On April 13, 1990, TASS published an official statement admitting the guilt of the Soviet Union in the Katyn tragedy. Jaruzelski received from Mikhail Gorbachev lists of prisoners being transferred from three camps: Kozelsk, Ostashkov and Starobelsk. The main military prosecutor's office opened a case on the fact of the Katyn tragedy. The question arose of what to do with the surviving participants of the Katyn tragedy.

This is what Valentin Alekseevich Alexandrov, a senior official of the CPSU Central Committee, told Nicholas Bethell: “We do not exclude the possibility of a judicial investigation or even a trial. But you must understand that Soviet public opinion does not entirely support Gorbachev's policy regarding Katyn. We in the Central Committee have received many letters from veterans’ organizations in which we are asked why we are defaming the names of those who were only doing their duty in relation to the enemies of socialism.” As a result, the investigation against those found guilty was terminated due to their death or lack of evidence.

Unresolved issue

The Katyn issue became the main stumbling block between Poland and Russia. When a new investigation into the Katyn tragedy began under Gorbachev, the Polish authorities hoped for a confession of guilt in the murder of all the missing officers, the total number of which was about fifteen thousand. The main attention was paid to the issue of the role of genocide in the Katyn tragedy. However, following the results of the case in 2004, it was announced that it was possible to establish the deaths of 1,803 officers, of whom 22 were identified.

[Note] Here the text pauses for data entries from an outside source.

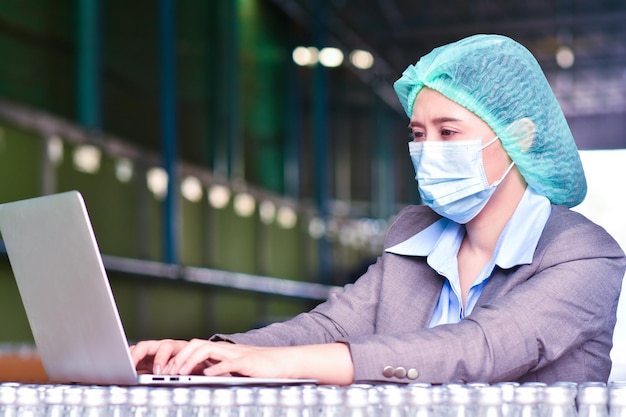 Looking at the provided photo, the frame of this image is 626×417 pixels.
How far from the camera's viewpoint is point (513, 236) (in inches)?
71.7

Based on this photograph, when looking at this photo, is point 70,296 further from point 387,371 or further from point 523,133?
point 523,133

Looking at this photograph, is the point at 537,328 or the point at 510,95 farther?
the point at 510,95

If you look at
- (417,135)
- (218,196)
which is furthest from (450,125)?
(218,196)

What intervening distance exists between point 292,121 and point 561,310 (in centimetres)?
1067

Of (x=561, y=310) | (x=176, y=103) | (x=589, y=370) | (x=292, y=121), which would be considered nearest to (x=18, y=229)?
(x=561, y=310)

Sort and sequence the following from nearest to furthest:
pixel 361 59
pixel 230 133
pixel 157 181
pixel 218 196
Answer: pixel 157 181 → pixel 218 196 → pixel 230 133 → pixel 361 59

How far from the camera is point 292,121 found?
12180 millimetres

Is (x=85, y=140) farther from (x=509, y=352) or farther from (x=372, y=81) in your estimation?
(x=372, y=81)

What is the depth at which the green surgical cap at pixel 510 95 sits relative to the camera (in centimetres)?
186

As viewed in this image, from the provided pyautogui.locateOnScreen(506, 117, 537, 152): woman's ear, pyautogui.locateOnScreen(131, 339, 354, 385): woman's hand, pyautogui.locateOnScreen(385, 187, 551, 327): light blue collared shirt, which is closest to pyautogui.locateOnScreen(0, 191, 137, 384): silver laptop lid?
pyautogui.locateOnScreen(131, 339, 354, 385): woman's hand

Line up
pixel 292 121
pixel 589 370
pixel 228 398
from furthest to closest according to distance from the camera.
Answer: pixel 292 121
pixel 589 370
pixel 228 398

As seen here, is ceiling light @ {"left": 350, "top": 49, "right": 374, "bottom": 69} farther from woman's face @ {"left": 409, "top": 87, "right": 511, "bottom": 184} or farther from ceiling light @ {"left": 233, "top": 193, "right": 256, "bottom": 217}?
woman's face @ {"left": 409, "top": 87, "right": 511, "bottom": 184}

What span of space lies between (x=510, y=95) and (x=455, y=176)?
0.19 m

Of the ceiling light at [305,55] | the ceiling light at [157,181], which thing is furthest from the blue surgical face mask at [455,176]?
the ceiling light at [305,55] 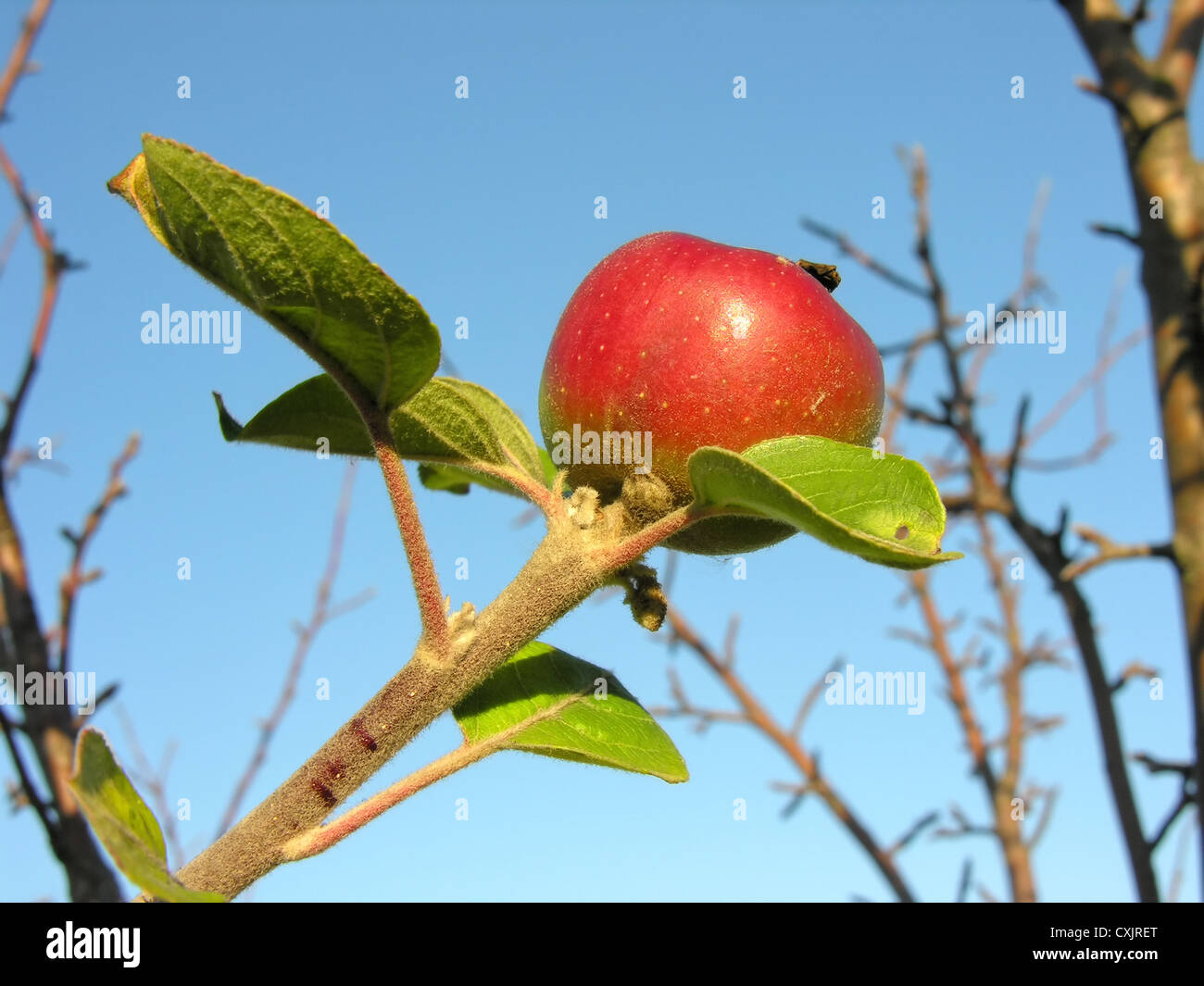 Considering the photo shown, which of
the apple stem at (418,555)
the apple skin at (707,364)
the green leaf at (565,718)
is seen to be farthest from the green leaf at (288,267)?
the green leaf at (565,718)

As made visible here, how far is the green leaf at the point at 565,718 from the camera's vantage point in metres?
0.94

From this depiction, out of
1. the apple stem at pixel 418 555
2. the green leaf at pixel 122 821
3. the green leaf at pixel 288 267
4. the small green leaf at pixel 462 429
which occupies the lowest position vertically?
the green leaf at pixel 122 821

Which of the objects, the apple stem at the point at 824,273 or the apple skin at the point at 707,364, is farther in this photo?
the apple stem at the point at 824,273

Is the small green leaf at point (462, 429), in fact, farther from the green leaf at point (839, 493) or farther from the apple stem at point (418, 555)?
the green leaf at point (839, 493)

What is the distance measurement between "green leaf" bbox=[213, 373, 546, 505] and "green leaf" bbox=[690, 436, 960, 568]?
0.27 meters

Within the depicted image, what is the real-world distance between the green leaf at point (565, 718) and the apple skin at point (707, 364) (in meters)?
0.18

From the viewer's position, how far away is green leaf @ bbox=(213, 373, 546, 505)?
0.95m

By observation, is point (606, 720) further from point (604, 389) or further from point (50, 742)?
point (50, 742)

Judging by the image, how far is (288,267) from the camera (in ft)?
2.46

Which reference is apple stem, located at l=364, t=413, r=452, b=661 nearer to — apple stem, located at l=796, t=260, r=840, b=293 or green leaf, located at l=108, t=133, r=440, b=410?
green leaf, located at l=108, t=133, r=440, b=410

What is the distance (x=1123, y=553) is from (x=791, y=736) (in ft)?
6.45

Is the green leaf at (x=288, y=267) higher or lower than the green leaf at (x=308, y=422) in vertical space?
higher

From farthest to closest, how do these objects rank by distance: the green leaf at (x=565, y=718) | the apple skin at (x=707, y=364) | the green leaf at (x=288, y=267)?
the green leaf at (x=565, y=718) < the apple skin at (x=707, y=364) < the green leaf at (x=288, y=267) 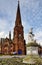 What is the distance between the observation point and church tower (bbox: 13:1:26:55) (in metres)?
56.6

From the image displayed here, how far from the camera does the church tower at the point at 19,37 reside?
5659 cm

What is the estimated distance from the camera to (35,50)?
20.8 metres

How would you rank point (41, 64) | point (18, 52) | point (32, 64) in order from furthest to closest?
point (18, 52)
point (41, 64)
point (32, 64)

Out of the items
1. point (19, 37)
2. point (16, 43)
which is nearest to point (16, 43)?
point (16, 43)

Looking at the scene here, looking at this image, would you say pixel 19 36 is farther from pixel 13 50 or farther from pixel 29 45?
pixel 29 45

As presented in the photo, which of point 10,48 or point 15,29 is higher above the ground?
point 15,29

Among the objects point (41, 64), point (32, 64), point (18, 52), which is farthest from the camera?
point (18, 52)

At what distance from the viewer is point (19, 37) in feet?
191

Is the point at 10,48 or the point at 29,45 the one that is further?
the point at 10,48

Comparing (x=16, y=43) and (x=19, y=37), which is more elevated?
(x=19, y=37)

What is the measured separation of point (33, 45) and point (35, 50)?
65 centimetres

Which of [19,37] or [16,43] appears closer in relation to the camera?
[16,43]

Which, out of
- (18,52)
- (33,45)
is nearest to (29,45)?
(33,45)

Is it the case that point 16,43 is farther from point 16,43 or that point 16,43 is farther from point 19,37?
point 19,37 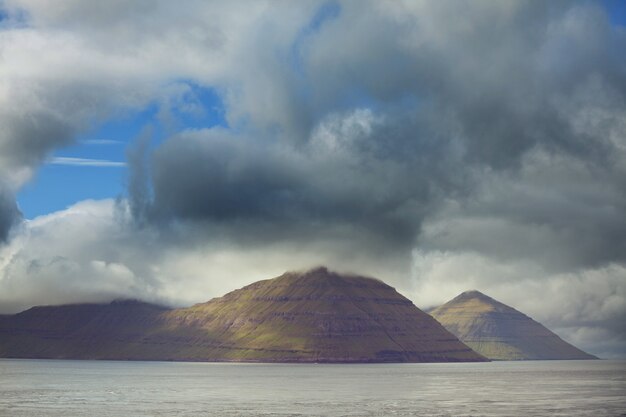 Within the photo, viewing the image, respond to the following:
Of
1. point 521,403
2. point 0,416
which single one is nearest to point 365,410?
point 521,403

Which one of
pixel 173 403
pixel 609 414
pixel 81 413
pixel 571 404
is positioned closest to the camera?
pixel 609 414

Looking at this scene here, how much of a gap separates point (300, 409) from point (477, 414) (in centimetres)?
4010

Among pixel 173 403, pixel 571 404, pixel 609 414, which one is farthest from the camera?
pixel 173 403

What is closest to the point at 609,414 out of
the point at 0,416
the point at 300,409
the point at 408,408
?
the point at 408,408

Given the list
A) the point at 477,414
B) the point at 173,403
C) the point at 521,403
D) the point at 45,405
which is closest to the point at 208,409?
the point at 173,403

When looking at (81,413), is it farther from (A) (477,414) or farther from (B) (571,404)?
(B) (571,404)

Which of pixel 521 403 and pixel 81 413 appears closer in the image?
pixel 81 413

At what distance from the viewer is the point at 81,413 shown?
170625mm

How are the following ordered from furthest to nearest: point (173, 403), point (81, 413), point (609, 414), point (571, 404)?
point (173, 403) → point (571, 404) → point (81, 413) → point (609, 414)

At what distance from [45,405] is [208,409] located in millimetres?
42264

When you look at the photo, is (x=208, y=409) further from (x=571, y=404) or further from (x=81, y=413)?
(x=571, y=404)

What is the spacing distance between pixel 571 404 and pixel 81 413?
358 ft

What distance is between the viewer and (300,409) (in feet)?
583

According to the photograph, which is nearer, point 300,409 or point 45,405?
point 300,409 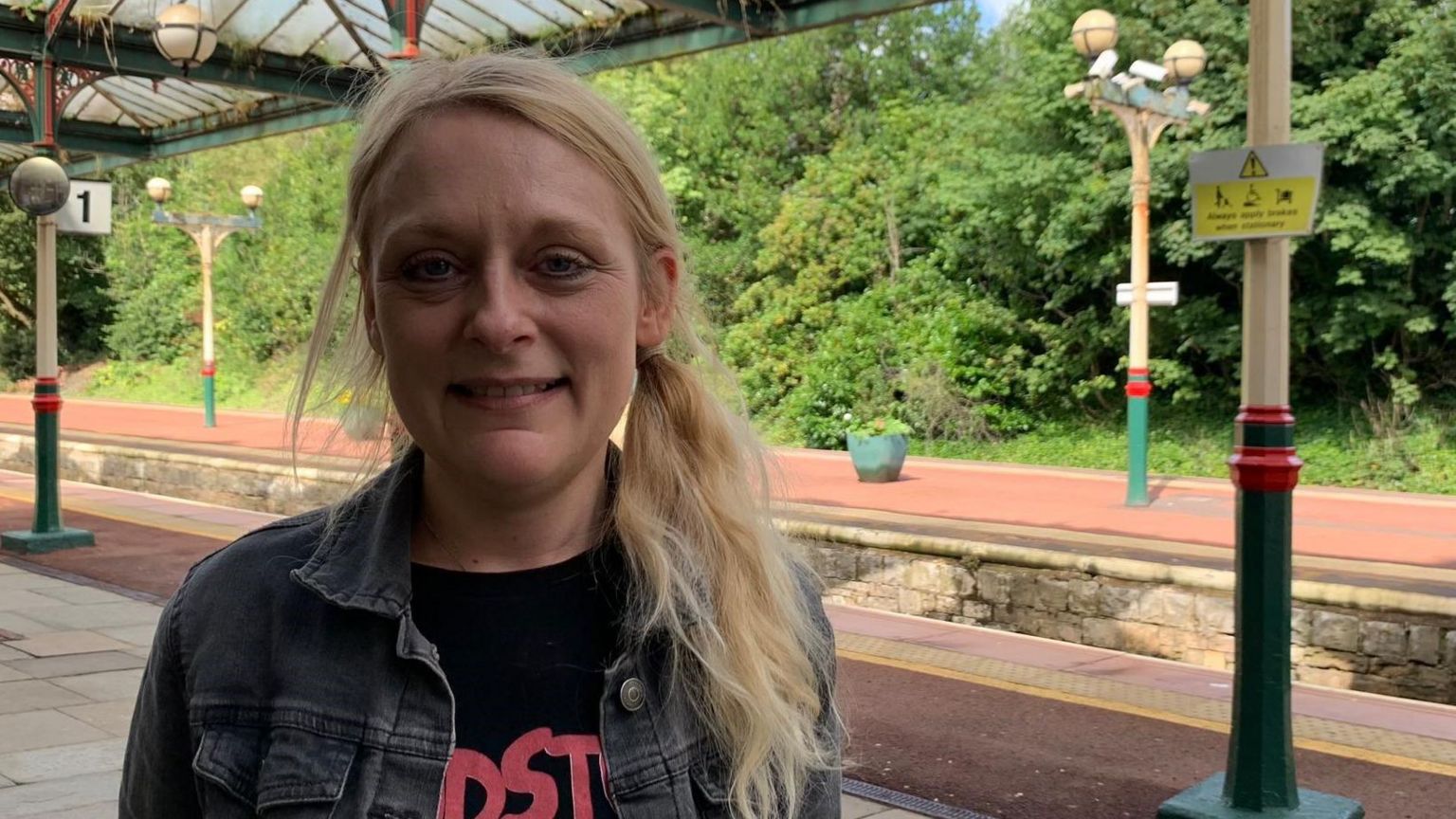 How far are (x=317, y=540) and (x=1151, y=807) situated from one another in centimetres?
A: 432

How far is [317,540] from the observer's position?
1.33 meters

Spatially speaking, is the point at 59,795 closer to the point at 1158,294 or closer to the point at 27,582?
the point at 27,582

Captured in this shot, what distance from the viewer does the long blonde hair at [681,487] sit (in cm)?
131

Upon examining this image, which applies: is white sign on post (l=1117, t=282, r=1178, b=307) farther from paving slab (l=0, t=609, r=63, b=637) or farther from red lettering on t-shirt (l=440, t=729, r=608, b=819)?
red lettering on t-shirt (l=440, t=729, r=608, b=819)

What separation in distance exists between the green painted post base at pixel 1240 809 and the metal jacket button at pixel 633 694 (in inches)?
149

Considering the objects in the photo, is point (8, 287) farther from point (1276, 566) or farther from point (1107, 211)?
point (1276, 566)

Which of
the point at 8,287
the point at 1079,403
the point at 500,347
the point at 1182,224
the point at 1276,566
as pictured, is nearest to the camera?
the point at 500,347

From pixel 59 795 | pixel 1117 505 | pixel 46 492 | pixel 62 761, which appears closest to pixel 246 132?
pixel 46 492

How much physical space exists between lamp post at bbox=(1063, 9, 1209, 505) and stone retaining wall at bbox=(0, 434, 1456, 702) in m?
4.51

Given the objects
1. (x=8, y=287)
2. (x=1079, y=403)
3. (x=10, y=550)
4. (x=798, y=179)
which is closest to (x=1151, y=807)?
(x=10, y=550)

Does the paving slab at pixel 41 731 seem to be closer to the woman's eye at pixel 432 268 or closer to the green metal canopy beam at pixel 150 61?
the woman's eye at pixel 432 268

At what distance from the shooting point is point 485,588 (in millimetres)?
1324

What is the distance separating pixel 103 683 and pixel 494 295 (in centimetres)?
584

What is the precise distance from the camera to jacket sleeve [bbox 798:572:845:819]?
1.44 meters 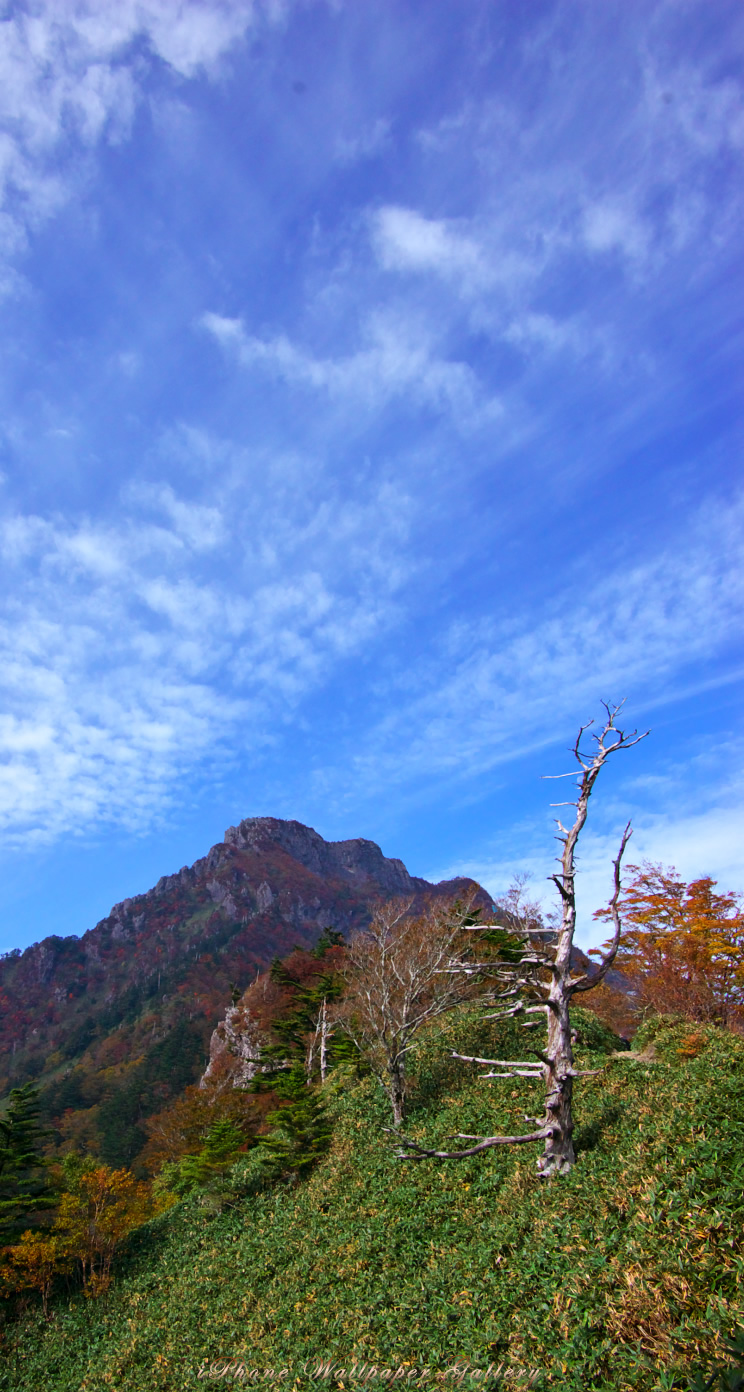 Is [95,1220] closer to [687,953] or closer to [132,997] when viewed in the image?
[687,953]

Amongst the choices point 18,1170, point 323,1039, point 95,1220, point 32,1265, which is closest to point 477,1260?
point 32,1265

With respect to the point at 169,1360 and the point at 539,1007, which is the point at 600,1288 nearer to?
the point at 539,1007

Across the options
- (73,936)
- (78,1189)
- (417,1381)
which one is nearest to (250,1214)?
(78,1189)

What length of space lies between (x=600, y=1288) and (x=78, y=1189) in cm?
2929

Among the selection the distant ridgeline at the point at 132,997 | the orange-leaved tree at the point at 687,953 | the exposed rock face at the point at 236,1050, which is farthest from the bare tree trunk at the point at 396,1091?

The Soviet leadership completely denied the genocide against the Poles. Prosecutor General Savenkov commented on this as follows: “during the preliminary investigation, at the initiative of the Polish side, the version of genocide was checked, and my firm statement is that there is no basis to talk about this legal phenomenon.” The Polish government was dissatisfied with the results of the investigation. In March 2005, in response to a statement by the Main Prosecutor General of the Russian Federation, the Polish Sejm demanded recognition of the Katyn events as an act of genocide. Members of the Polish parliament sent a resolution to the Russian authorities, in which they demanded that Russia “recognize the murder of Polish prisoners of war as genocide” based on Stalin’s personal hostility towards the Poles due to defeat in the 1920 war. In 2006, relatives of the dead Polish officers filed a lawsuit in the Strasbourg Court of Human Rights, with the aim of obtaining recognition of Russia in the genocide. The end to this pressing issue for Russian-Polish relations has not yet been reached.